被戳中“旧账”,苏蕴舟更窘了,连忙辩解,声音里带上了一点自己都没察觉的、近乎撒娇的急迫:“那、那能怪我吗?船上信号时好时坏的,你又不是不知道!现在回到岸上了,信号满格,肯定……肯定不会了!” 最后一句,她说得有点底气不足,毕竟“忙起来就忘了”是她的常态。
“嗯。” 霍铮应了一声,大概是愉悦吧,“我等着。”
这话就像在说,我等着看你表现。
挂断电话苏蕴舟把手机丢到一边,揉了揉莫名发热的耳垂,对着空气小声咕哝了一句:“……真是。”
也不知道是在说谁。
还是干活吧,把那些心慌意乱全部丢掉。
那个从海底沉船上拖上来的木箱也是时候打开了吧。
等等。
万一箱子里是一堆锈蚀成坨的普通铁器,或者干脆是压舱的石块?
费尽力气撬开后,面对‘垃圾’,她怕打开,太影响心情了,待会儿活都不想干了!
不行,得先来点“开胃小菜”。
目光转向那三件被海洋附着物包裹得严严实实的瓷器,它们体积小,目标明确,而且……万一有惊喜呢?
说干就干。
小心拿起那个玉壶春瓶,入手沉甸甸的,表面覆盖着厚厚的、由钙质、贝壳残骸和暗色沉积物形成的“铠甲”,粗糙硌手,完全看不出原本的釉色。
另外两件,小罐和青花盘,情况也差不多。
而且,这些也不是拿块抹布沾水就能搞定的事儿。
苏蕴舟皱了皱眉,她虽然不是专业文物修复师,但基本常识还是有的。
处理这种海洋出水瓷器,需要专门的工具和药剂,像是那什么稀释的酸液来软化坚硬的海生物钙质沉积,再用各种软刷、竹签等工具,一点一点地剥离。
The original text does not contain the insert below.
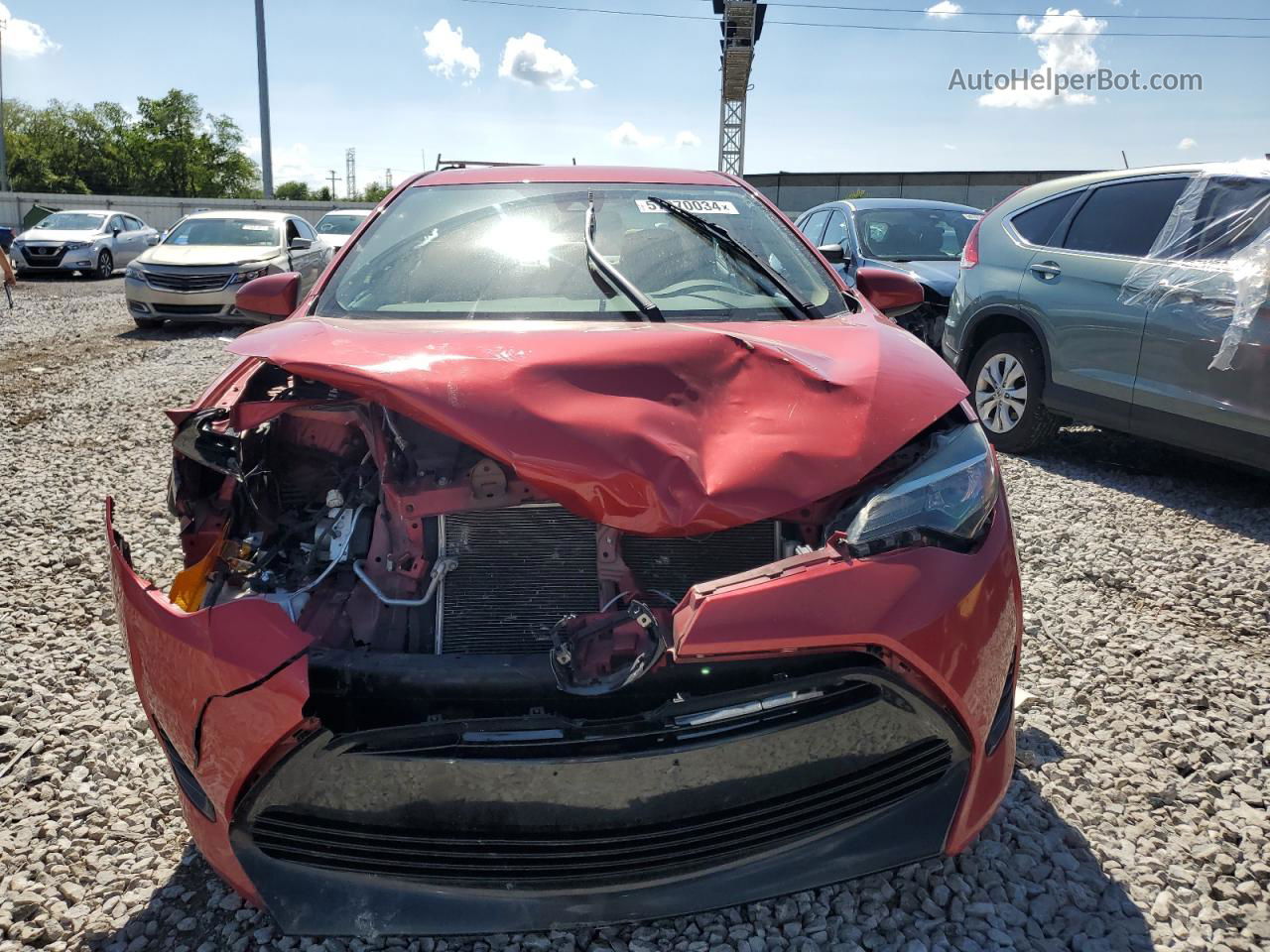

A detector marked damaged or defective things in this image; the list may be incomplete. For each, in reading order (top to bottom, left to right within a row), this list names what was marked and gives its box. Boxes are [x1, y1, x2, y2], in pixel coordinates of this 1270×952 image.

硬搞的话,会伤到釉面,到时候,好好的古董价值也会大打折扣。
船上自然没有这些专业玩意儿。
去买?
可她这会儿,一点也不想离开这艘船和船上的“秘密”。
目光落在旁边的手机上,屏幕暗着。
外卖?跑腿?
对啊!这年头,还有什么是一个万能的跑腿小哥解决不了的?
她完全可以线上下单,让跑腿去镇上的化工商店、五金店或者美术用品店,买来需要的冰醋酸那些工具,直接送到码头来。